🤖 AI Summary
This work addresses the lack of a unified mechanism for coordinating distributed measurements and collecting data across heterogeneous devices in existing quantum network testbeds. The authors propose a "measurement plane"—a distributed architecture decoupled from the data, control, and management planes—structured into four layers: application, experiment coordination, capability, and resource agents. This novel architecture introduces, for the first time, a dedicated plane specifically for measurement coordination, leveraging containerized microservices and a publish-subscribe communication model to enable online measurement and feedback in complex quantum experiments. The approach was successfully demonstrated on a two-node platform, achieving coincidence counting and polarization-entangled photon distribution with an interference visibility of 98%, substantially reducing manual configuration and execution overhead.
📝 Abstract
Quantum networking testbeds lack a distinct plane for coordinating distributed measurements and collecting experimental data across heterogeneous devices. To address this gap, we present the Measurement Plane, a dedicated plane that complements the data, control, and management planes rather than replacing or extending their pipelines. The contribution is presented as a distributed framework that organizes measurement functions into four layers: application, experiment coordination, capability, and resource agents. Our design separates user workflows from device-specific control.

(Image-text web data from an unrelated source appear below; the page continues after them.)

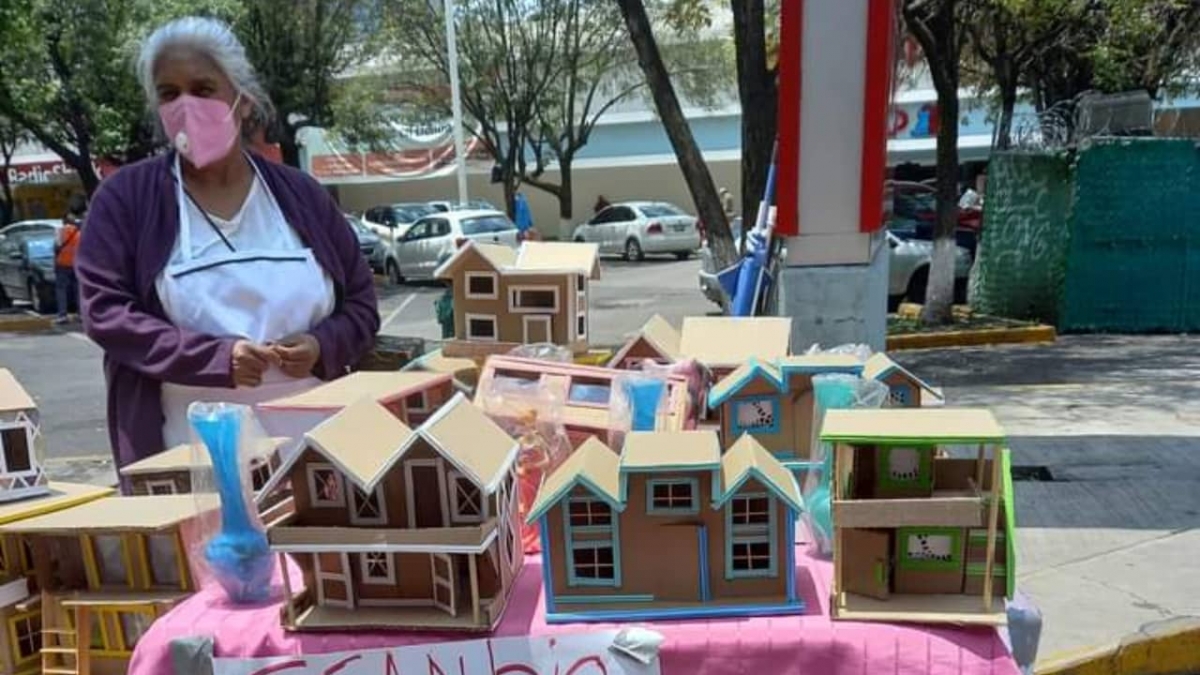 Abuelita crea casas de cartón y las intercambia por despensa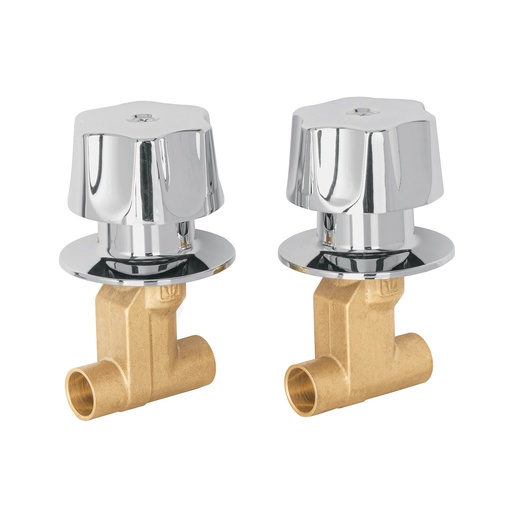 [E-652B] Jgo 2 llaves empotrar soldables c/manerales met·licos,Basic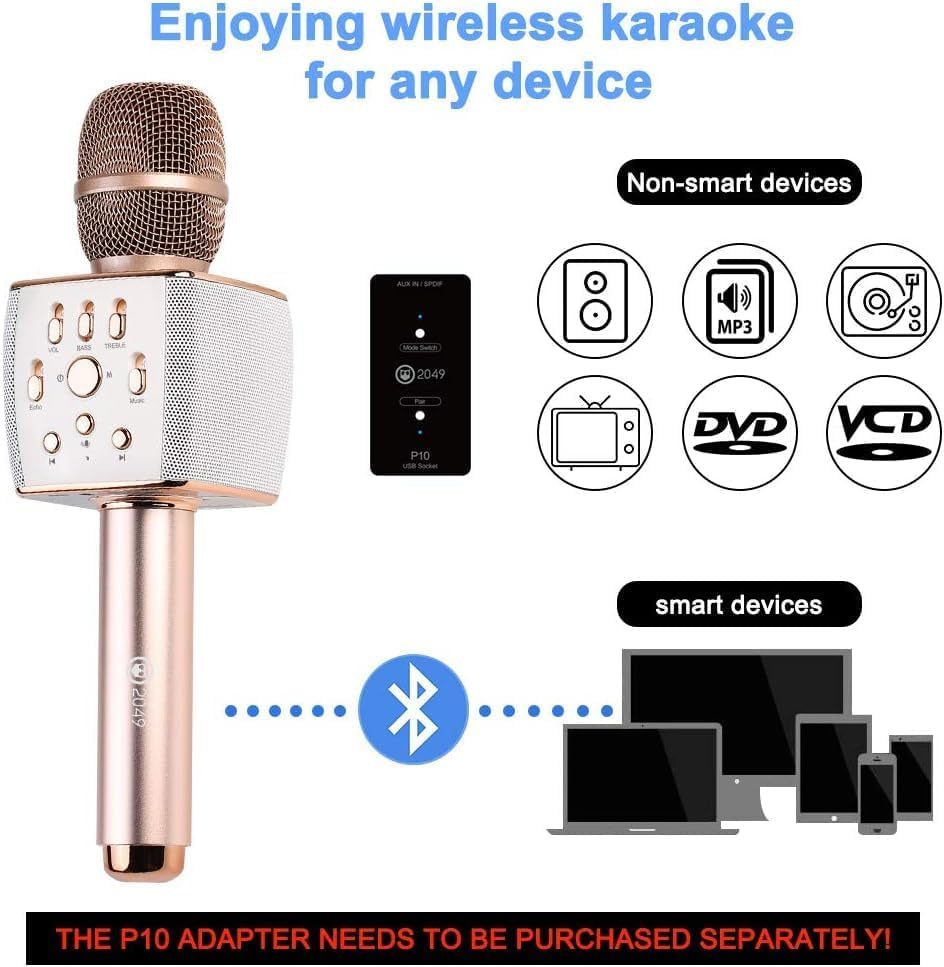 2X13W Cardioid Dynamic Karaoke Microphone, Handheld Wireless Bluetooth Karaoke Systems Karaoke Microphone for Home/Outdoor/Party/Classroom/Car (Rosegold)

We implemented the framework as containerized microservices connected through publish--subscribe messaging, and validated it on a two-node quantum networking setup connected by an optical network. The framework successfully coordinated remote nodes to execute coincidence measurement and polarization entanglement distribution experiments with visibility interference of up to 98 percent. This evaluation demonstrated the effectiveness of the framework for supporting complex, distributed quantum experiments, enabling online measurement and feedback, and significantly reducing manual configuration and execution effort.